By mid-January 2026, the total value locked (TVL) of ListaDAO will be approximately 166.9 million USD, with loan volume around 48.863 million USD. The fees over the past 30 days are approximately 948.7 thousand USD, and protocol revenue over the past 30 days is about 552.2 thousand USD. Annualized fees are roughly 11.57 million USD, and annualized revenue is approximately 6.74 million USD. The market cap of LISTA is around 44.64 million USD, with a fully diluted valuation of about 127.26 million USD. Trading volume in the past 24 hours is approximately 3.66 million USD, of which on-chain transaction volume is about 1.48 million USD. Staked value is roughly 14.48 million USD, accounting for over 30% of the market cap. The price of LISTA is around 0.16 USD, still far from its all-time high of 0.84 USD, but not particularly distant from its all-time low of 0.11 USD.

These numbers may seem cold, but every time I see them, I ask myself: what is USD1 actually doing here? Because USD1 is no longer just a stablecoin circulating in a small pool—it’s now in the tens of billions outside. Once the scale grows this large, entering a protocol is no longer just about earning a little interest. It becomes a key structural beam, influencing the protocol’s interest rates, risks, governance, and product rhythm. When you say you’re doing USD1 savings, you’re really choosing a place that can sustain such scale over the long term. The most visible move from ListaDAO right now is trying to become a major hub for this kind of stablecoin on BNB Chain.

But the term 'hub' is still quite abstract. In my own operations, I want to know more concretely: once I deposit USD1 into a vault, where does the yield come from? Where does the risk come from? What happens when something goes wrong? Who handles it? Who bears the loss? Who can exit? Who gets stuck? These are the real questions.
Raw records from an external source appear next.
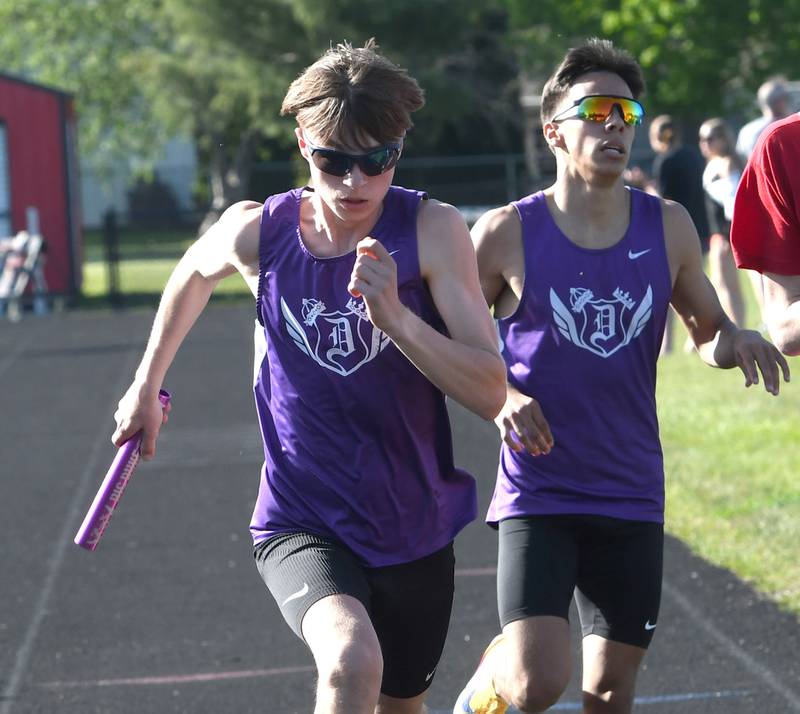 Dixon's Daniel Ramirez hands the baton to Ethan Carter in the final exchange of the 4x800 relay at the Big Northern Conference Meet at Stillman Valley on Thursday, May 14, 2026.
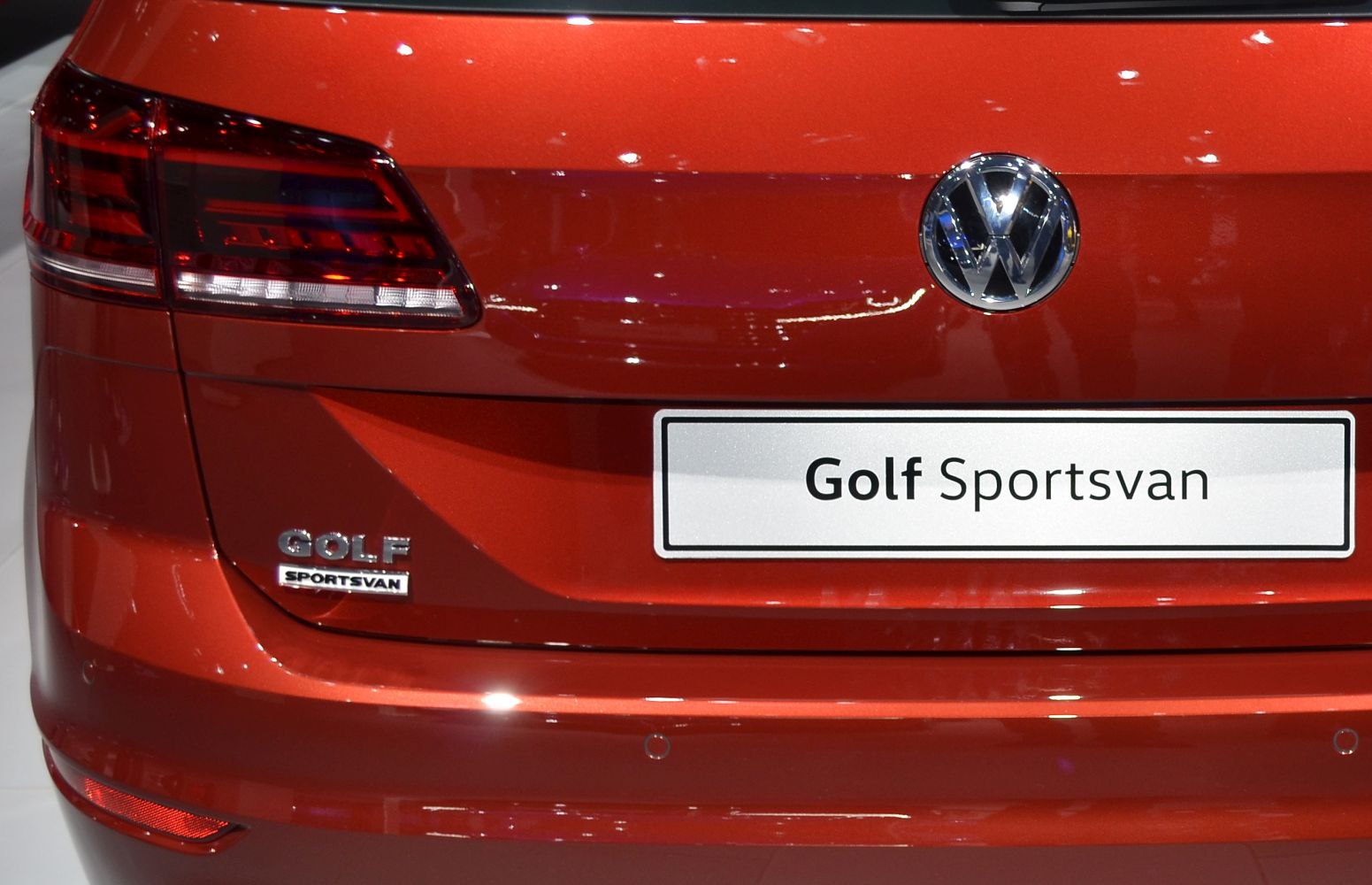 Close-up of rear badge and modern tail light design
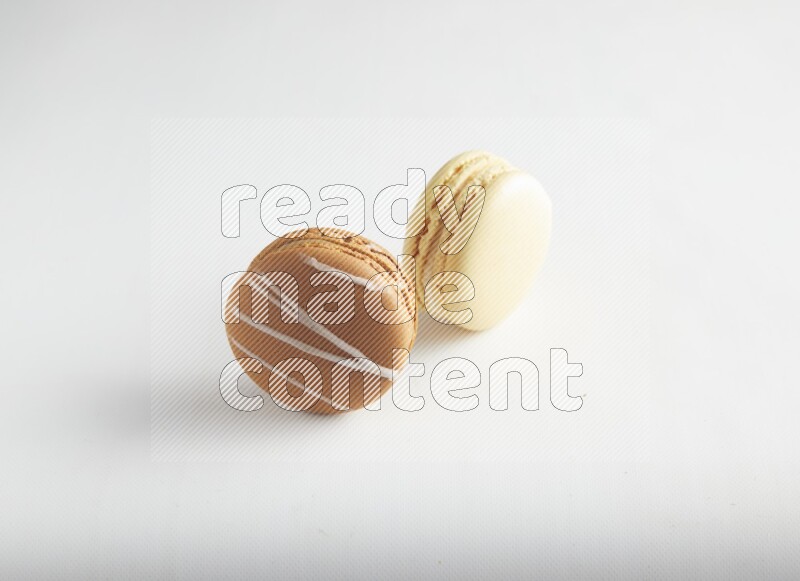 45º Shot of of two assorted Brown Irish Cream, and Yellow Vanilla macarons on white background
First, let’s talk about yield sources. Many people jump in based on a single APY figure, but I now prefer to break APY into two layers: first, natural interest from lending; second, extra returns from incentives or strategies. In ListaDAO, a key entry point for USD1 is vaults like the USD1 Vault. It holds around 200 million USD1, with yields around 2%, and has over 10,000 participants. Two percent might sound dull, but I see it as a signal. Dullness often means it’s not artificially inflated by short-term subsidies, but rather comes from genuine lending interest and a relatively conservative strategy mix. Dullness also suggests that if borrowing demand rises and utilization increases, yields could naturally rise—without needing to aggressively pump rewards to stay attractive.

Let’s talk about lending demand. Dividing loan volume by TVL gives about 29.3%. So currently, much of the capital is idle—less than one-third is actually borrowed. Many see this and feel disappointed, saying capital efficiency is low. I don’t jump to conclusions, because on-chain lending efficiency isn’t always better when higher. Approaching full capacity increases risk. A key target in the interest rate model is utilization around 90. This isn’t a current reality—it’s a direction. The model aims to pull utilization toward this zone: when low, encourage borrowing; when too high, raise rates slightly to discourage borrowing. If this mechanism works, supplier returns will rise naturally with utilization, not relying forever on subsidies.

But no matter how good the mechanism, users experience the result. The worst on-chain lending experience is a sudden, drastic spike in interest rates—borrowers can’t cope, and suppliers can’t either. ListaDAO did experience abnormal rate surges in USD1-related markets before, forcing emergency governance actions like mandatory liquidations. Later, there was even a redistribution of liquidation profits from a specific USD1 vault—480,000 USD1, distributed proportionally. For me, this history has two meanings. First, a reminder: stablecoins aren’t risk-free. Even in crowded markets, they can become dangerous seats. Second, an observation: can the protocol act during emergencies? Can governance deliver results? Can those results be executed? And after execution, are gains or losses fairly distributed? At least from these events, I see it’s not completely paralyzed.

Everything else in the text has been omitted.